As Lara recalled these precious memories, Dani browsed through the old photographs: The Government Wharf at Cedartown. The Cedartown Brush. The Valley from The Mountain. Cattle on the Riverwood Flats. Bullock Team Bringing Cedar down the Mountain. The Cedar-Getters’ Hut in the Forest.
Dani spoke, bringing Lara back to the moment. ‘Another world back in those days, Mum. Fascinating stuff.’
‘The cedar went pretty quickly. The Cedartown Brush was just a pocket of rainforest on the river but you can see how it must have been all along the river once. In my day the Brush started to get overrun with vines and the canopy closed over. It was a dark and creepy place but I loved the excitement of going there. Can’t imagine what’s left now.’ Lara paused, thinking back. ‘Poppy always said the Brush was a real treasure. We have a picture of us standing in the buttress roots of a giant fig, probably hundreds of years old. When I went back with you as a baby on my first trip home from America, it was rundown, smothered in vines from the canopy to the ground and stank because millions of fruit bats had made it their home.’ She laughed at the memory. ‘I guess it’s still a bat kingdom.’

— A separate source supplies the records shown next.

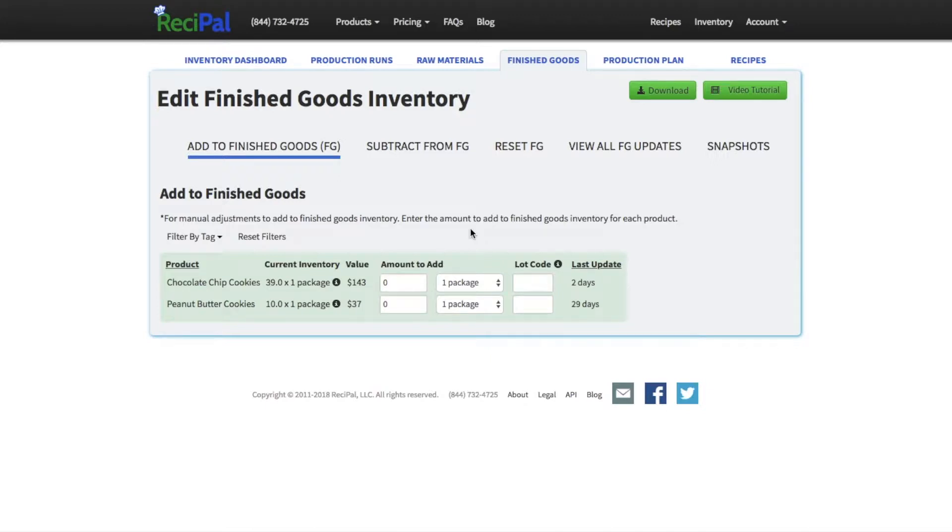We're going to go over the finished goods inventory page. If you've watched the video for the raw materials or know how to work with those, this is pretty much the same.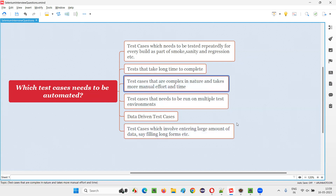The third type of test cases that need to be automated are test cases that are complex in nature. Depending on the application type, some test cases will be complex in nature and take more manual effort and time. A lot of thought needs to be put into that while testing, and a lot of time it will take. Such kind of test cases we need to automate.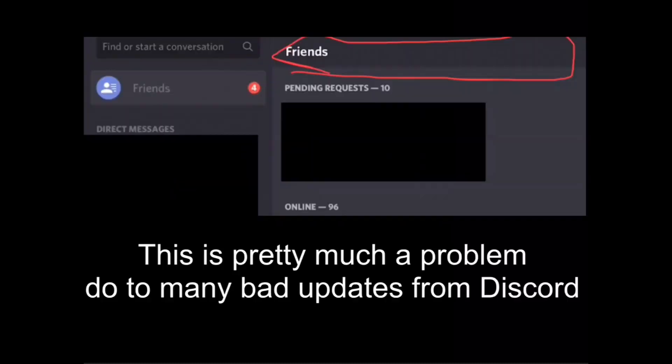Hello guys, today I'm going to show you how to unblock people on Discord mobile in 2020. This is pretty much a problem due to many bad updates from Discord.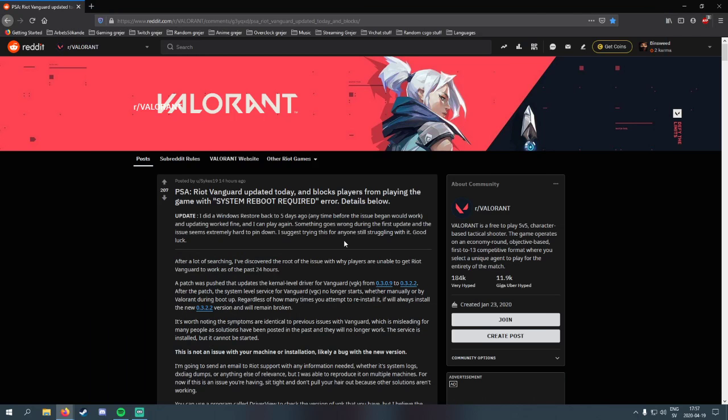Hello guys and welcome. Today I'm going to show you this Reddit thread I found about 10-15 minutes ago, and this really fixed my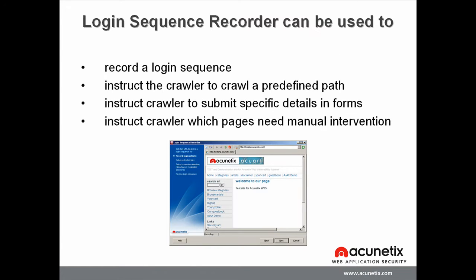Apart from recording a login sequence, the Login Sequence Recorder can be used to instruct the crawler to crawl a predefined path, or to submit specific details when accessing forms or any other types of pages which require specific input, or to specify which pages need manual intervention because of the unique input they require each time they are accessed, such as captcha or single sign-on forms.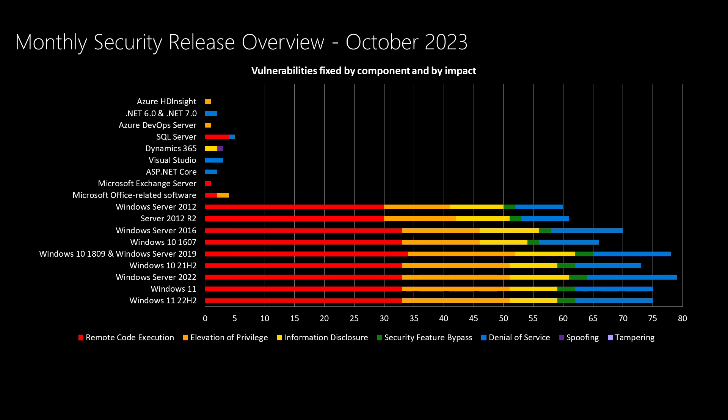As we move up the chart from the Windows products, we get into Microsoft Office software, where we have four vulnerabilities that are being addressed this month, which is a little bit lower than average. We've been averaging about just around seven and a half Office vulnerabilities per month. As we continue moving up, Microsoft Exchange Server has a vulnerability this month. There's a handful of vulnerabilities in developer tools, such as ASP.NET, Visual Studio, .NET 6 and 7, Azure DevOps Server. There's also three vulnerabilities in Dynamics 365, five vulnerabilities in SQL Server, and one vulnerability in Azure HD Insight.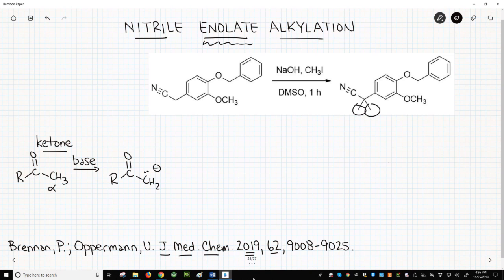I have drawn the enolate as a carbanion, but resonance into the C=O π bond makes it much more stable than a regular carbanion. With resonance, the pKa of the alpha hydrogens of a ketone are between 19 and 20.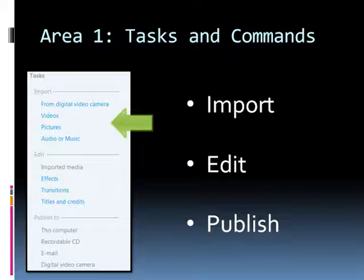For example if you're talking in your video about a specific topic you want to make sure that all of your pictures are relevant to that topic and have a flow. You can import pictures, video and also audio in the import category. We'll talk about audio in a few minutes.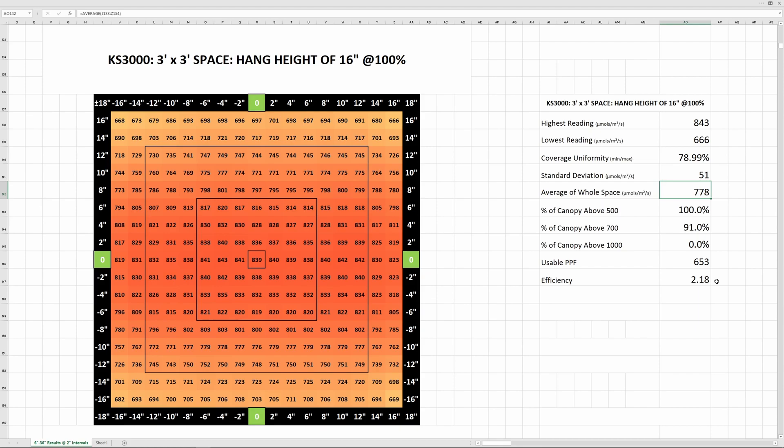If you're not running CO2 in your grow, these numbers are solid. On a 12-12 lighting schedule, an average PPFD of 778 translates to a DLI of about 34.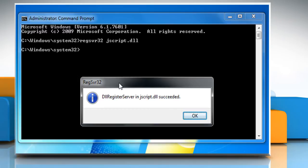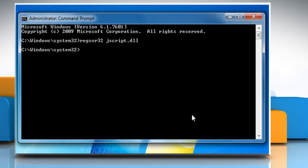On pressing the Enter key, you should receive a message saying DLL register server in jscript.dll succeeded. Click on OK and then close the Command Prompt window.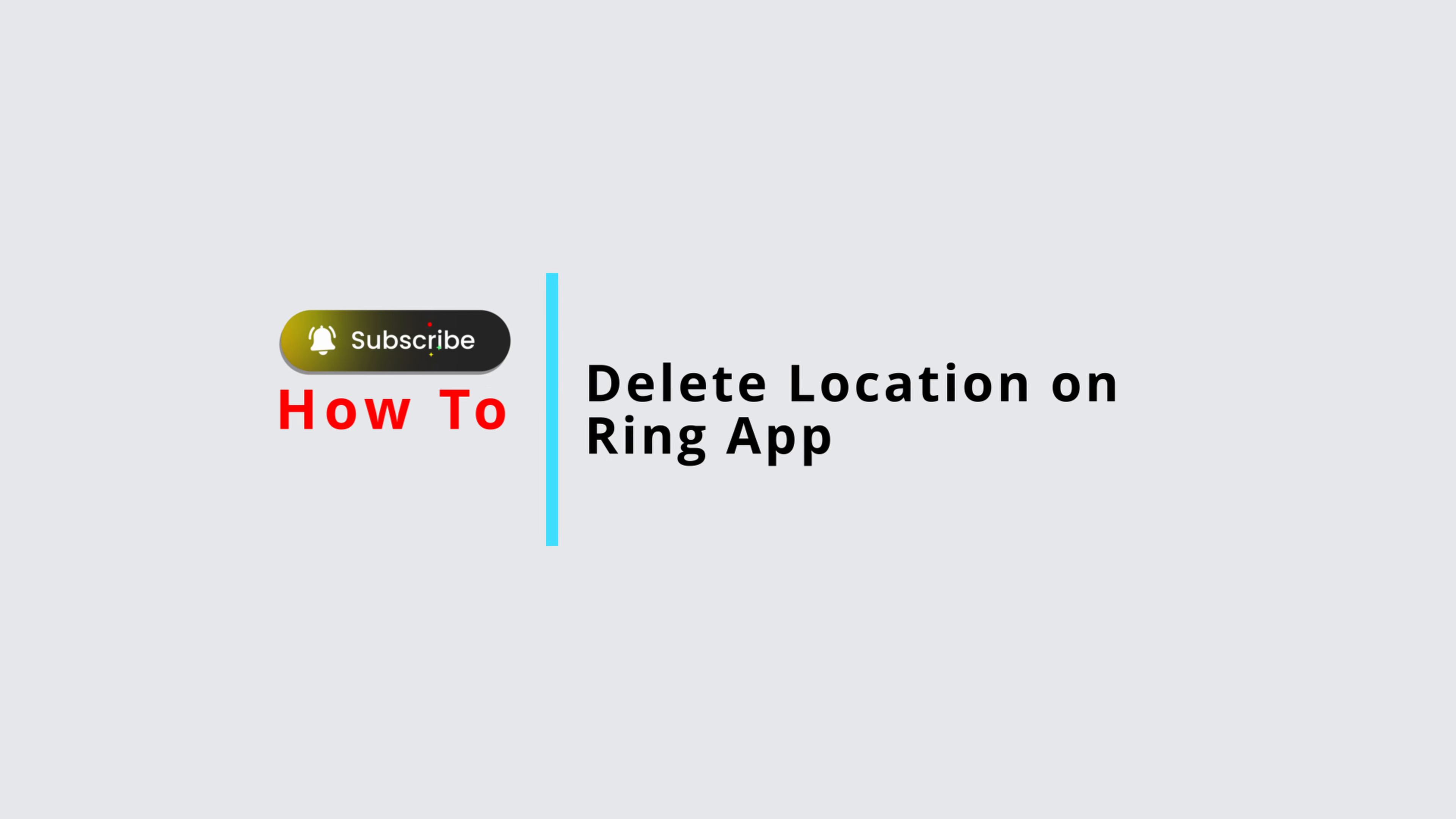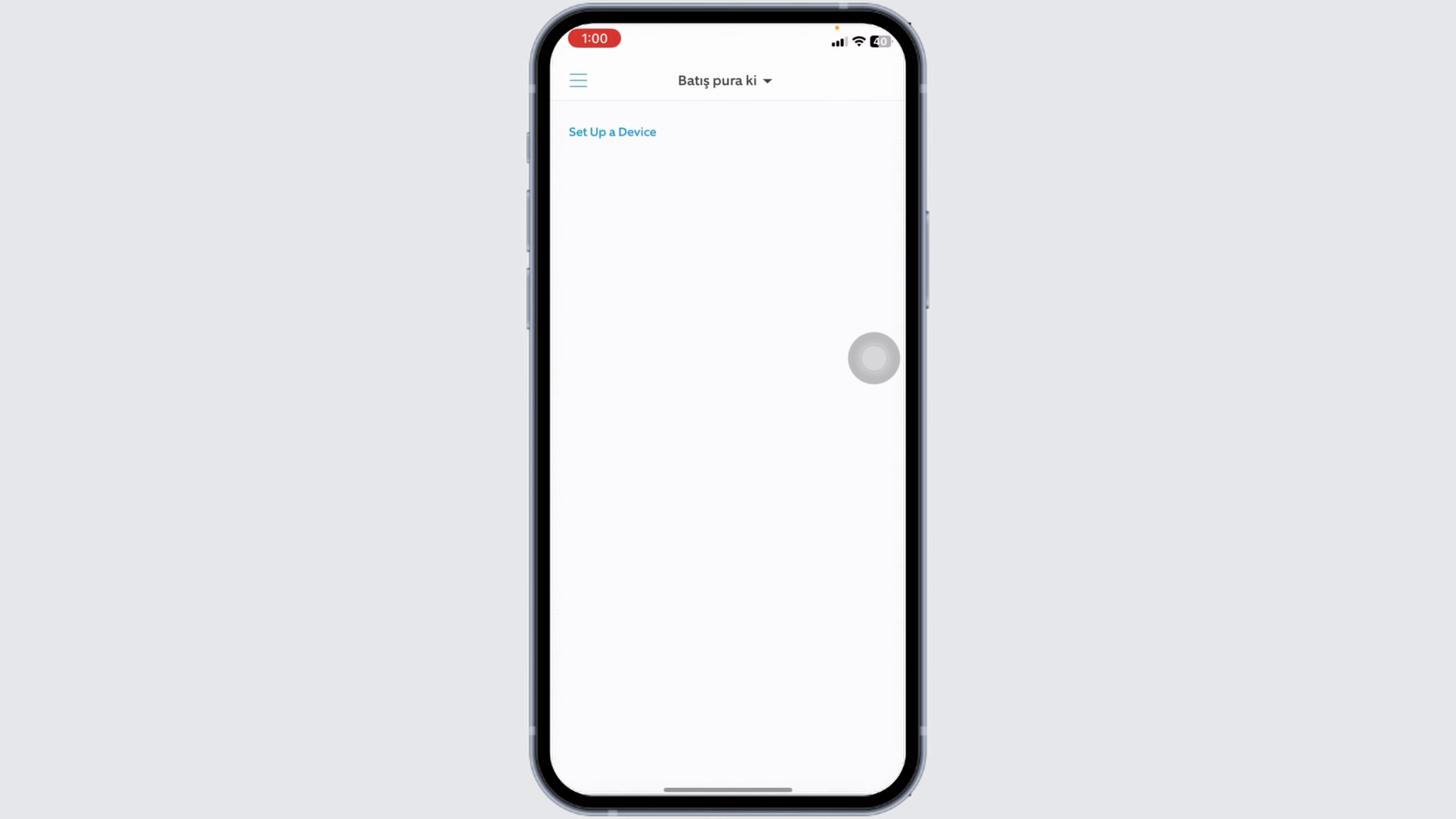How to delete location on Ring app. Let's get started. Launch your Ring app, make sure you have already logged into your account. You will land on the dashboard page. Now at the top left corner you're going to find three bars, click on it.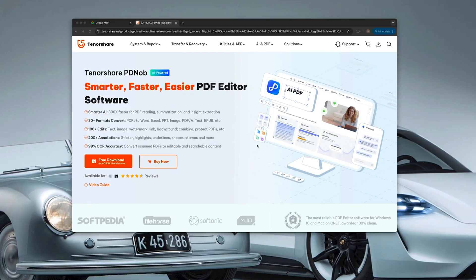This is Tenorshare PDnob, a feature-rich free alternative to Adobe Acrobat and others. I'm using this software on a Mac but of course it's also available on PC. Before we get into it, Tenorshare asked me to review this software so let's dive in and take a look. First up, pop over to the Tenorshare PDnob website and grab the software — I'll leave the link in the description.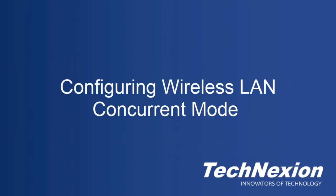Hi, I'm John Weber and welcome to another TechNexion video tutorial. This time we are going to talk about a useful feature of the wireless radios present in nearly all TechNexion products, which is called concurrent mode.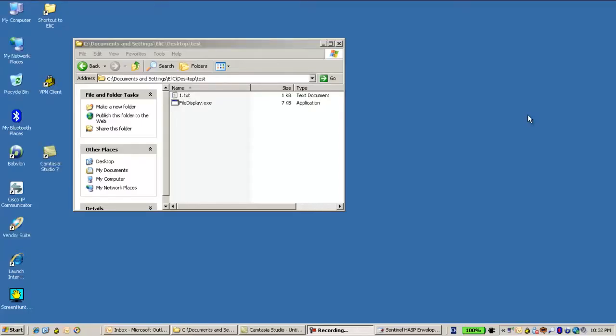Hi, this is Ali from SafeNet Hasp Technical Support. In this session I will show you how to work with the envelope and the data hasp.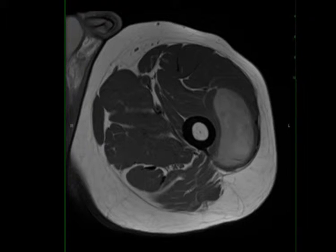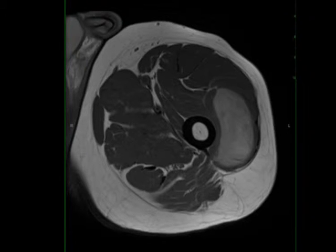43-year-old male with a history of chronic left thigh pain, previously attributed to bursitis but unresponsive to non-steroidal anti-inflammatories and rest.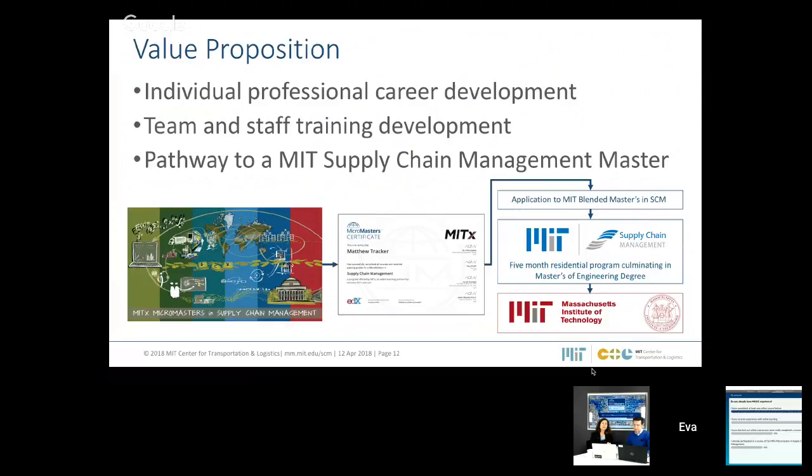Some students are doing this program because they want to apply to a master's degree. This credential is a pathway to the master's degree here at MIT in supply chain management, and also a pathway to apply at other universities — Zaragoza in Spain, universities in Australia, Rochester Institute of Technology, Purdue University, and others in Europe, Latin America, and the United States. It's a way to earn a master's degree at MIT or any other university that recognizes the MicroMasters credential as a pathway for credits.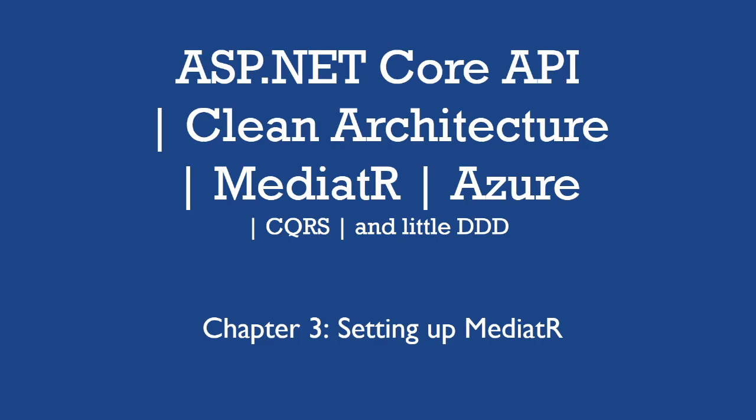Hello, in this chapter we will be setting up Mediator for our application. But before starting today's session, we need to make one small fix in our project that we created in our previous session.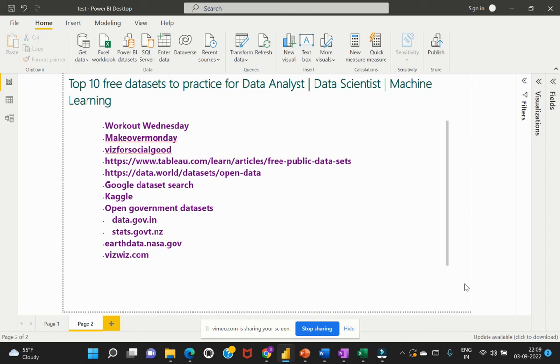Hi everyone, welcome back to my channel Learn Cloud Analytics. I have received some requests from you asking where you can find free datasets to practice on this Power BI journey.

Dani was only half listening. She was absorbed by the old pictures, particularly one taken from a hill looking down at neat dairy paddocks strung across rich alluvial flats to a fringe of trees on either side of the broad curving river. It evoked an atmosphere of complete tranquillity. Slowly she shuffled through the pictures again, a strange sensation overcoming her.
*
The sepia image faded, replaced by a dense expanse of grey-green gums with towering straight trunks, and the prized ‘red gold’ cedars splashing their colour across the forested gullies and hillsides. Echoing down the nearest gully she heard the crack of a whip, and the sing-song language of a bullocky’s devising as he urged his team of twenty bullocks down the mountain, hauling a great cedar log with a butt end as wide as a barn door. Metal jangled, wood creaked, the cattle snorted with heavy breaths.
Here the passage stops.